I’m peering into a crystal ball and flash-forwarding to a theatrical showing of Steven Spielberg‘s The Fablemans, which began shooting last month.
I’m sitting in my favorite front-row seat and watching a solo scene with Gabriel LaBelle, whose “Sammy” character is based on the mid-teenaged Spielberg, a fledgling, naturally gifted filmmaker living with his family in early ’60s Arizona.
As Sammy enters his bedroom we see hazy, grayish milky streams of Arizona sunlight pouring through the partially curtained windows. And I’m thinking, “Wait a minute, this seems familiar.”
I can’t put my finger on it but I’ve seen several films with interior scenes that resemble this one.
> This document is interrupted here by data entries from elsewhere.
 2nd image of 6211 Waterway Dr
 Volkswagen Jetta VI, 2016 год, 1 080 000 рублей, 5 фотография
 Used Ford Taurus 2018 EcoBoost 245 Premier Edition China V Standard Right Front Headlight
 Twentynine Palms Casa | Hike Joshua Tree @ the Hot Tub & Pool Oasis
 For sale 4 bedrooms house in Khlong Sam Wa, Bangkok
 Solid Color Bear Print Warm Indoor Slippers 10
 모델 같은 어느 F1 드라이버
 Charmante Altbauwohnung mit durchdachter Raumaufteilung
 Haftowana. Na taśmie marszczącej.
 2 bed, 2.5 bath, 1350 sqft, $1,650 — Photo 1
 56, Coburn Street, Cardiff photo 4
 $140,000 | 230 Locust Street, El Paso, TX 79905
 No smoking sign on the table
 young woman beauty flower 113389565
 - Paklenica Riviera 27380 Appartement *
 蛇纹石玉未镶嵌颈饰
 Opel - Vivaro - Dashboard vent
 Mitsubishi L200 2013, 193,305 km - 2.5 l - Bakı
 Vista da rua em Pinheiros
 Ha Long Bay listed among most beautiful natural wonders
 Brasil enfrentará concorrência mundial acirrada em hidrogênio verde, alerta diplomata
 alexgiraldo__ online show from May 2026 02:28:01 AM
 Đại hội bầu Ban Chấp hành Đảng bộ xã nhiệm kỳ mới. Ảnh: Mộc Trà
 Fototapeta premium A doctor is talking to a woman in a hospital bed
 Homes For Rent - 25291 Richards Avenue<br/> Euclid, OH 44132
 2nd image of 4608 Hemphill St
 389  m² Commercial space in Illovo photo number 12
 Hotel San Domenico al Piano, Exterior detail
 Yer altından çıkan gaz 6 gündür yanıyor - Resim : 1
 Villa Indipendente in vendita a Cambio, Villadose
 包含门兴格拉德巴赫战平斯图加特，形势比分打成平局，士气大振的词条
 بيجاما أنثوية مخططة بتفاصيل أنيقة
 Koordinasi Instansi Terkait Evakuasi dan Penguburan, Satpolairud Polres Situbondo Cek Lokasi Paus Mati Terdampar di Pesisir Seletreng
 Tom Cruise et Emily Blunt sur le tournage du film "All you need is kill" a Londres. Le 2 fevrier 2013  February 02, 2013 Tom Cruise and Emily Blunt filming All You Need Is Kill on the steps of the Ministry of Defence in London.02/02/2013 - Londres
I know that as a devoted filmgoer my life would seem…well, not “impossibly empty” but certainly diminished without grayish, alien-spaceship milky sunlight streaming through windows in the films that I see. I’ve adored this kind of cinematography for so many years. I loved it in Lincoln and I’ll love it next year when The Fablemans opens.
Thank God for small favors — at least The Fablemans isn’t being shot by Bradford Young.
“Milky haze all in my eyes / Don’t know if it’s day or night / You’ve got me blowing, blowing my mind / Is it tomorrow or just the end of time?” — from “Milky Haze,” written and performed by Jimi Hendrix.